New dawn over the Himalayas

COMMUNISTS throughout the world will rejoice at the news of the overwhelming victory for the Communist Party of Nepal-Maoist(CPN-M) in last weekend’s elections. The CPN-M has grown from strength to strength following the ceasefire that ended the civil war and brought the Maoists into an interim government that held this poll to elect a constituent assembly to decide the future of the mountain kingdom.

The CPN-M has won 111 seats out of the 201 contests declared for the 601-member assembly, well ahead of its closest rivals the Nepali Congress with 32 seats and the reformist Communist Party of Nepal (Unified Marxist- Leninist) with 28, while the small Nepal Workers’ and Peasants Party (NWPP), a minor partner in the interim government, has held its two seats in its traditional bastion of Bhaktapur.

Final results should be known by the end of this month when all the seats chosen by proportional representation are tallied and preliminary returns show that the Maoists will take the lion’s share there.

The overwhelming demand of the Nepalese people for a democratic federal republic was reflected in the massive swing to the communists, who only laid down their guns two years ago after massive street protests forced the hated monarch to relinquish direct rule.

The Maoists will clearly be the leading force in drawing up the constitution and the new government that will follow but they are seeking coalition partners from other democratic parties to take Nepal into the 21st century.

The first step must be to ratify the decision of the interim parliament to abolish the monarchy and rid the country, once and for all, of its worthless feudal king whose family has kept the Nepalese people in bondage for decades. The next will be to end feudalism and meet the basic demands of the masses for social justice. The communists have already prepared a democratic programme of social and economic reform aimed at raising the annual per capita income from $300 to $3,000 in 10 years.

Nepal is one of the poorest countries in the world and around 80 per cent of the population work on the land.
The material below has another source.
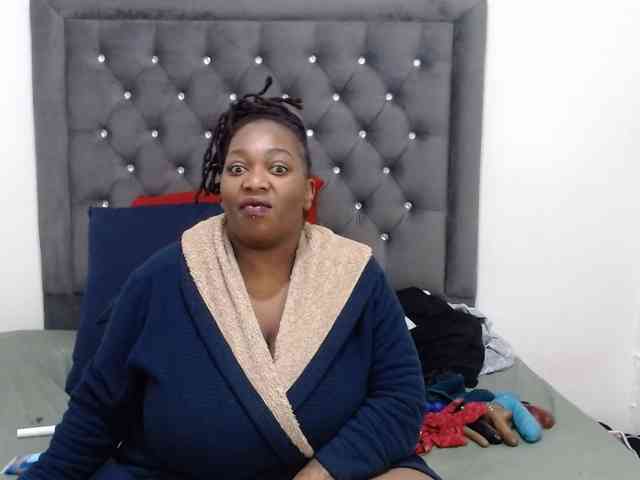 ChocSexcBeast webcam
Most of the peasants work for feudal landlords. Most earn less than a dollar a day and half the population live below the poverty line. Half the population are unemployed and many have been forced to emigrate to India for work. Half the children are malnourished and underweight. Only 15 per cent of the people have access to health services and most do not have access to basic needs such as food, health and education.
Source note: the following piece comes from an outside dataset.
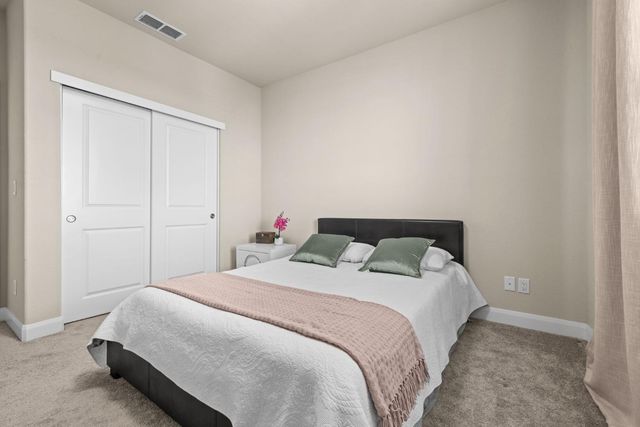 7065 Lakehaven Dr, Roseville, CA 95747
The new Nepalese leadership will face the hostility of the imperialist world whose “new world order” is crumbling day by day. The Americans, who continue to class the CPN-M as a “terrorist” movement are already bleating about “violence and intimidation” during the election campaign, though even they concede that voting was peaceful in most districts.

Maoist leader Pushpa Kamal Dahal, formerly known as “Comrade Prachandra”, says democracy is not “an alternative to armed struggle but a logical conclusion” and throughout the world millions of oppressed people are once again turning to communism as the only way out of the capitalist crisis.

The Nepalese communist victory is a decisive blow to those who claimed that armed struggle was futile and that the communist ideal was irrelevant in today’s age. Their victory is our victory in the struggle for a new world free from oppression and exploitation – a new and better world — the world that Marx and Engels predicted and a world that will surely come to pass in the 21st century.